Scraping Wikipedia to gather data about Disney movies and create a CSV file for the data.

Primary LanguagePython

Scraping Disney Data

Scraping Wikipedia pages with some Data Science techniques, BeautifulSoup, requests, JSON, and CSV to gather data about Disney movies and create a dataset for it.

The data is totally clean, But there is some missing values you have to handle them before analyze the data.

The data is available in CSV format.
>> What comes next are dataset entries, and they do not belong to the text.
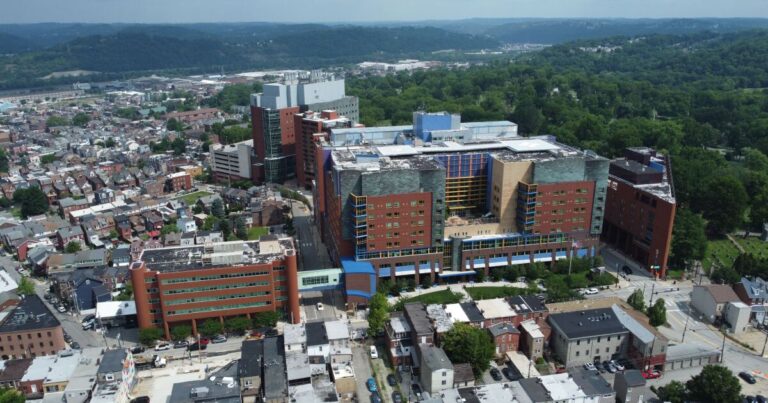 DOJ는 UPMC에서 성별 확인 치료를 받은 아동의 이름을 요구하지 않을 것이라고 밝혔습니다.
    


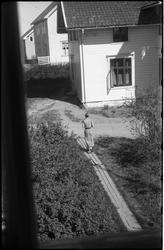 Tre bilder fra Lena. I forgrunnen Søndre Valle.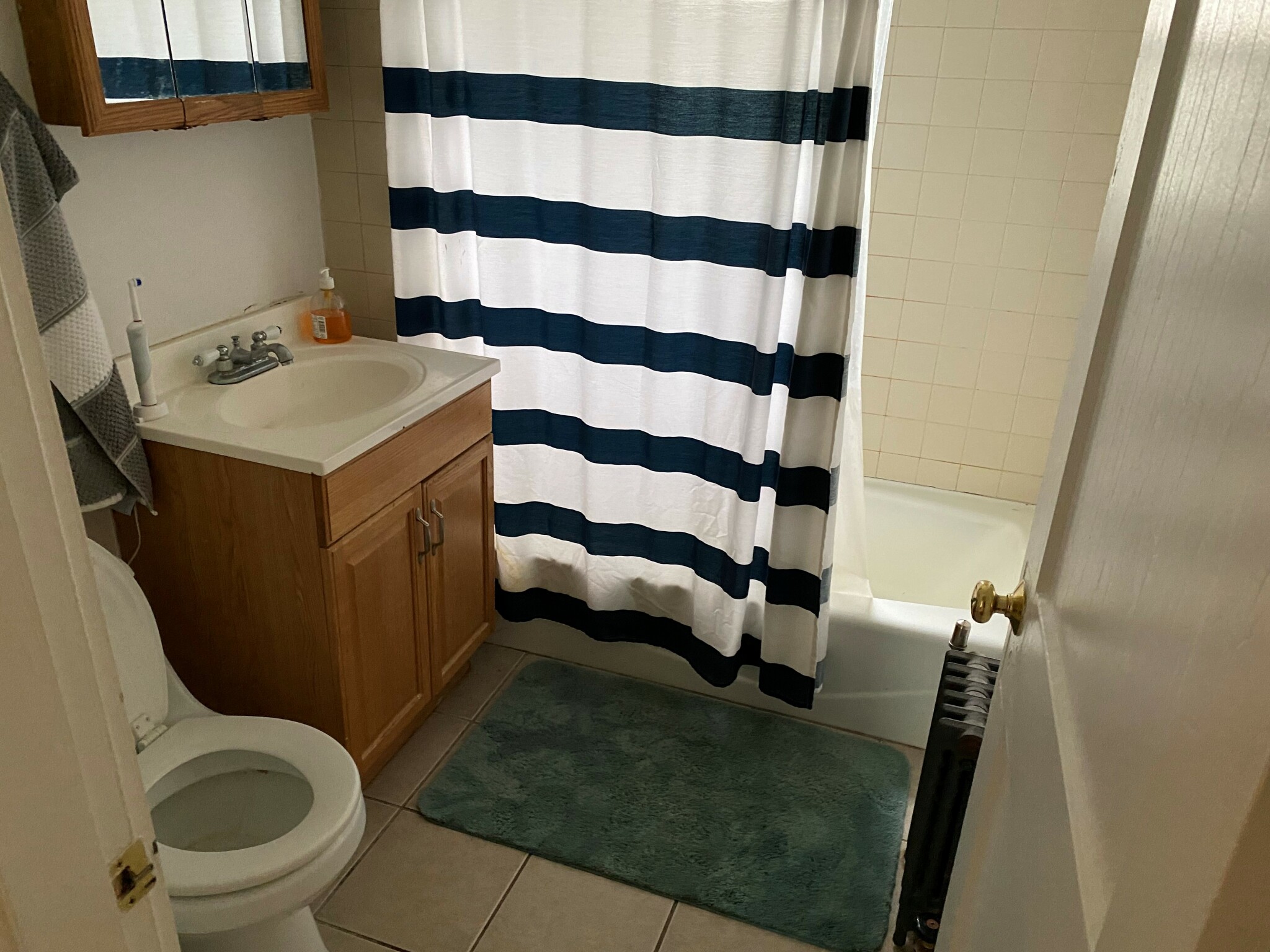 124 Hillside Rd, Watertown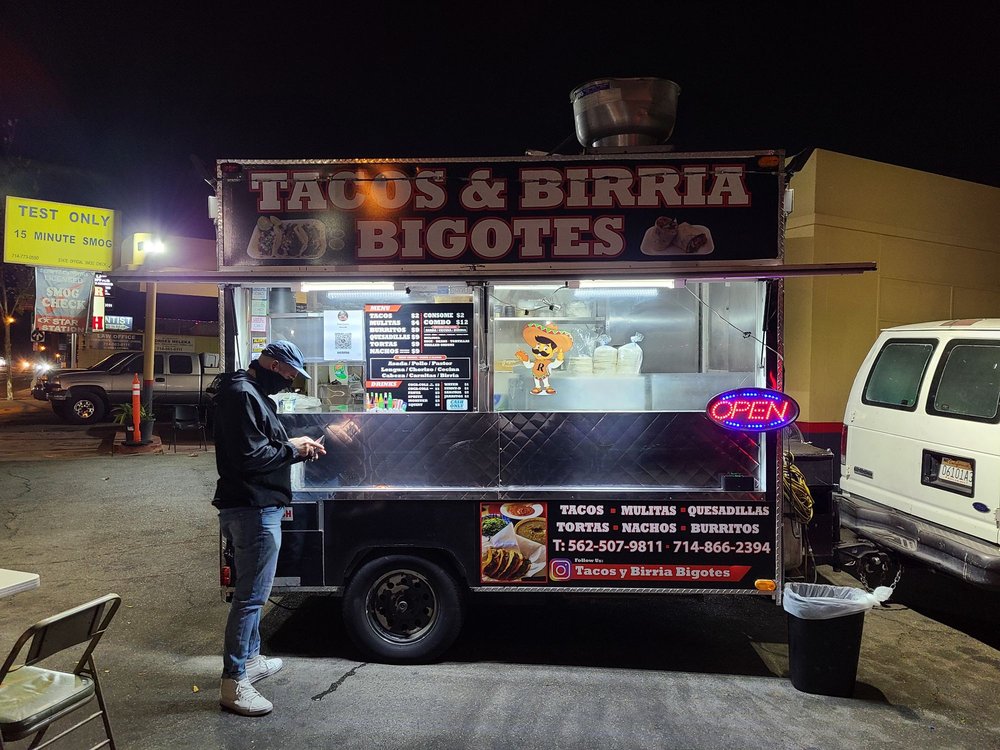 Tacos Y Birria Bigotes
I thought it wasn't necessary to provide the data in a JSON format.

Wikipedia disney movies link: https://en.wikipedia.org/wiki/List_of_Walt_Disney_Pictures_films

Startegy

  • Making a GET request to: https://en.wikipedia.org/wiki/List_of_Walt_Disney_Pictures_films

  • Get the content of the page by BeautifulSoup and go through all the film list by taking 'https://en.wikipedia.org/' as a base path, get the realtive path for each film, combine them to create the full path, and make a GET request for each path.

  • Get the content of each page, work with the info box infobox vevent, and get all the info about the film from the info box.

  • Then save the data to a JSON file to make it faster and easier 'to save us time by just loading the JSON file instead of making a get requests to wikipedia pages' while cleaning the data.

  • Go through the data and clean it.

  • Convert the data to a CSV file and save it.